Written by Mark Kantrowitz | Updated May 18, 2022

Gather around. We have wonderful news!

The solution to the student loan problem is simple and straightforward. It is amazing that nobody has thought of this solution previously, when it is such an obvious fix for the student loan crisis.

From now on, let’s refer to student loans as snarks (with apologies to Lewis Carroll). Then, we will no longer have a student loan problem, but a snark problem.

Instead of having to pass legislation to prevent loan sharking, policymakers will have to pass legislation that bans snark sharking. Doesn’t that sound so much better?

Plus, instead of having student loans charge interest, recipients of a snark will merely have to pay a snark premium. That’s definitely an improvement.

Since snarks are a new and innovative solution to the student loan problem, there is not yet any research on the impact of snarks on college graduation rates, job placement rates and income after graduation. It is too soon to tell whether snarks cause delays in marriage, home ownership or other life-cycle events, so let’s just assume that they don’t.

Boom! Problem solved.

Giving Credit where Credit is Due

Of course, no idea is truly ever completely new, so we must give credit where credit is due.

The idea of solving the student loan crisis by creating a new name for education financing was first introduced by Income Share Agreements or ISAs. One prominent university even declares in its ISA marketing materials that “It’s not a loan.” They argue that ISAs don’t have a principal balance and don’t charge interest. Nobody will need to worry about repaying their student loans ever again.

Wow! Let’s tip our hat to these masters of redefinition. They just magically declared the problem solved.

They make it so easy to forget that investors in ISAs expect the recipient of an ISA to pay back more money than they originally received to pay for their education. Like most lenders, ISAs do not have a charitable purpose. Where would be the fun if you couldn’t squeeze some profits from desperate students?

The new name means ISA programs are unregulated, or so they claim. This presents a new opportunity to exploit hapless students. Proponents have even introduced legislation to exempt ISAs from state usury laws.

After all, if income-share agreements don’t charge interest, just a multiple of the borrower’s annual income after graduation, they shouldn’t be subject to usury laws.

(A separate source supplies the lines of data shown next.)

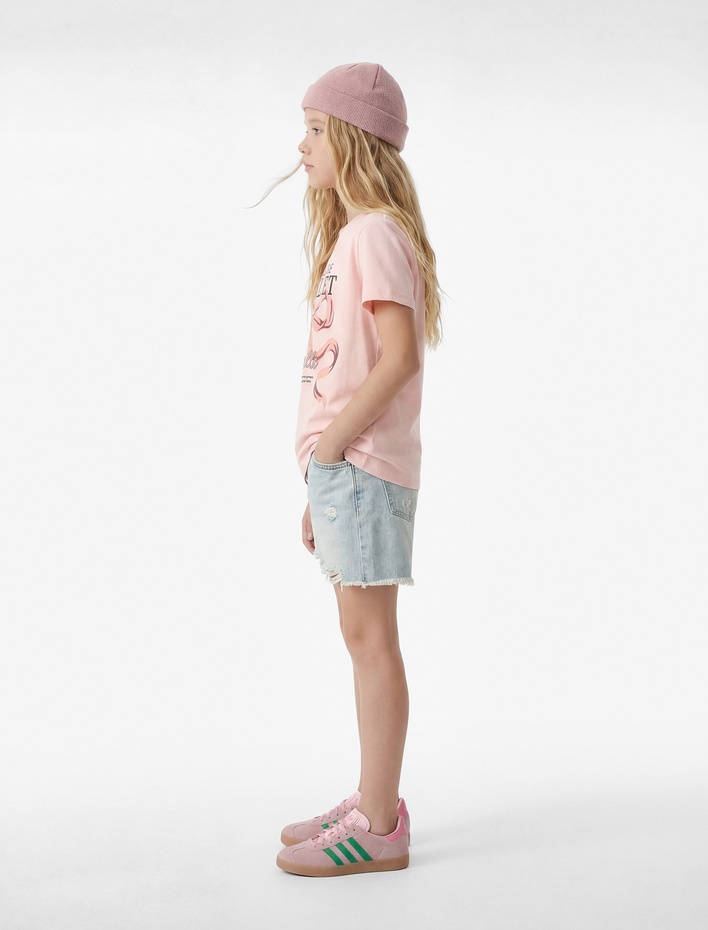 Kız Çocuk Sim Detaylı Fiyonk Baskılı Kısa Kollu Bisiklet Yaka Pamuklu Tişört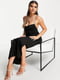 Длинное черное облегающее платье с открытой спинкой и разрезом | 6699743 | фото 4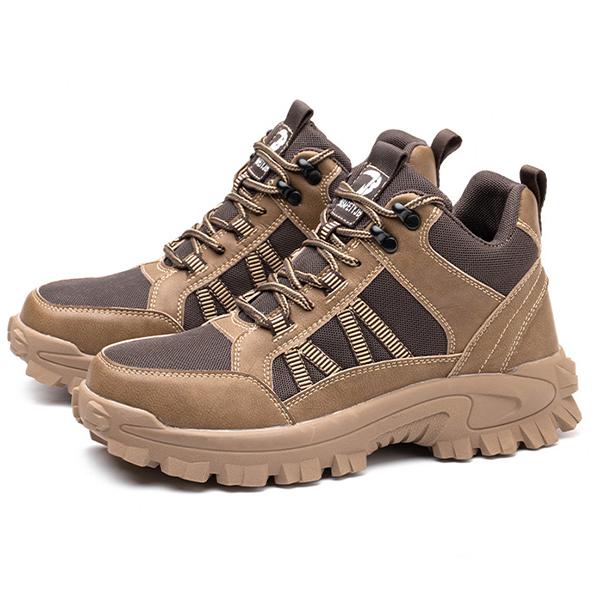 Men's Anti-Puncture Breathable Safety Protective Shoes Steel Toe Wear-resistant Work Boots Men's Protective Hiking Boots Plus Size 36-48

The reality is that any increase in the amount received by a lender beyond the amount lent is interest. Excessive gain is usury. That’s why ISA proponents want lawmakers to declare that ISAs are not usurious.

One ISA caps the total payments at 2.5 times the amount borrowed. Sounds reasonable, eh? But, that’s the equivalent of charging a 28% interest rate over a 10-year repayment term, or five times as much as the current average interest rate on a federal student loan.

They say that they want “to liberate as many students as we can from avoidable student debt.” Along the way, these self-proclaimed freedom fighters also want to liberate students from their wallets and hard-earned cash.

 

Real Problems Deserve Real Solutions

Superficial changes to the name of a problem do not provide a real solution to the problem. There are no simple solutions, no magic bullets that can make the problem of paying for college go away.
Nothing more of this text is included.